What if another dataset contains a wikipedia image without proper metadata? What if an occurrence dataset has images linked with missing information? Is GBIF responsible to only show images where we know the exact license information and block all other content?

Wikipedia is quite prominent on our species pages, but we need to have a general position across all datasets.

We could also think about subsequently adding image metadata once we indexed image (multimedia) records. That way any wikimedia file would get its attribution and we could even update it from wikipedia far more often without relying on the dataset publisher to update their dwc archive (not sure if BioCASE or DiGIR would even allow to specify all that metadata btw)
    


Author: thirsch@gbif.org
Created: 2013-07-04 14:22:07.127
Updated: 2013-07-04 14:22:07.127
        
I would say that if we solve this for Wikipedia checklist dataset we have solved most of the problem, as this accounts for some 150,000 species and I would guess a great proportion of the images.

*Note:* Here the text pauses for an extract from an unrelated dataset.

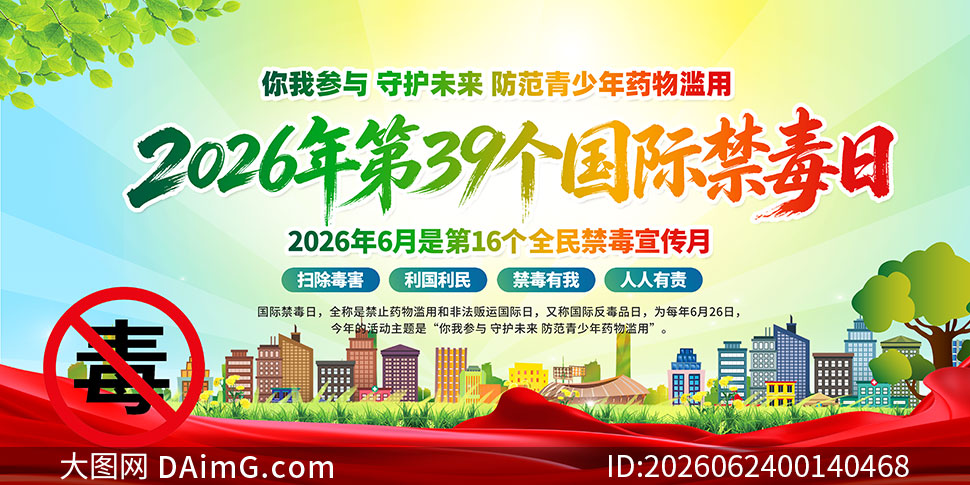 2026����ʽ�����֪ʶ������PSDԴ�ļ�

I have just conferred with Donald, and he agrees that we should only display images where we have at least some source information, if not full licensing details. It is better to err on the side of caution as we would be badly exposed if we were showing images on the portal without proper authority or attribution.

    


Author: mdoering@gbif.org
Created: 2013-07-04 23:14:24.6
Updated: 2013-07-04 23:14:24.6
        
I agree with better being careful here. But that would mean we would have to block images of specimens if we dont get proper attributions? Most formats we get images through dont even allow to specify such details.

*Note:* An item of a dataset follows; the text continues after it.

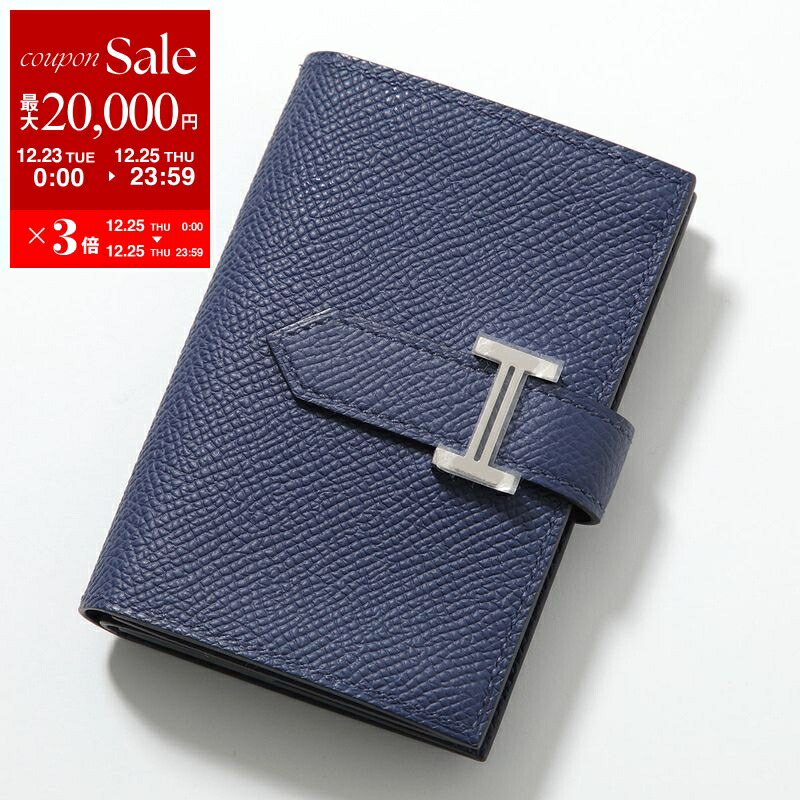 54 HERMES エルメス　ベアンミニ　コンパクトQ刻印 54 HERMES エルメスベアンミニコンパクトQ刻印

Good side is that its looking good to get the wiki commons image metadata through simple screen scraping. Might get it out tomorrow.
    


Author: thirsch@gbif.org
Comment: I think specimen images provided by the institution where a collection is housed (and from which the data are published) are in a somewhat different category from species-level images served via a checklist like Wikipedia. I am not aware of how the first type of images are currently displayed on the portal, so if you could send some examples to help with context, we can make decisions. Probably better to continue this offline and once the Wikipedia licensing details are implemented, we can consider this issue closed.
Created: 2013-07-05 08:56:27.84
Updated: 2013-07-05 08:56:27.84


Author: mdoering@gbif.org
Created: 2013-07-05 12:31:45.424
Updated: 2013-07-05 12:31:45.424
        
We do not show any specimen images yet, that is work to be done. Let's discuss it once we get there.
Wikipedia image metadata should now be included in the next dwc archive build, the modified code is here: https://github.com/mdoering/wikipedia-dwca

I'll add a comment once it shows up on staging so we can review it.
    


Author: mdoering@gbif.org
Created: 2013-07-16 10:13:16.227
Updated: 2013-07-16 10:13:16.227
        
The German wikipedia image licenses can be previewed in this dwca validation report, see the bottom table>
http://tools.gbif.org/dwca-reports/197-2950889704639469747.html
    


Author: mdoering@gbif.org
Created: 2013-07-18 15:47:43.691
Updated: 2013-07-18 15:47:43.691
        
The wikipedia datasets now have license and futher image metadata indexed, for example see this spider page:
http://staging.gbif.org:8080/portal/species/116771927#images

Also license information is indexed and presented for wikipedia textual descriptions.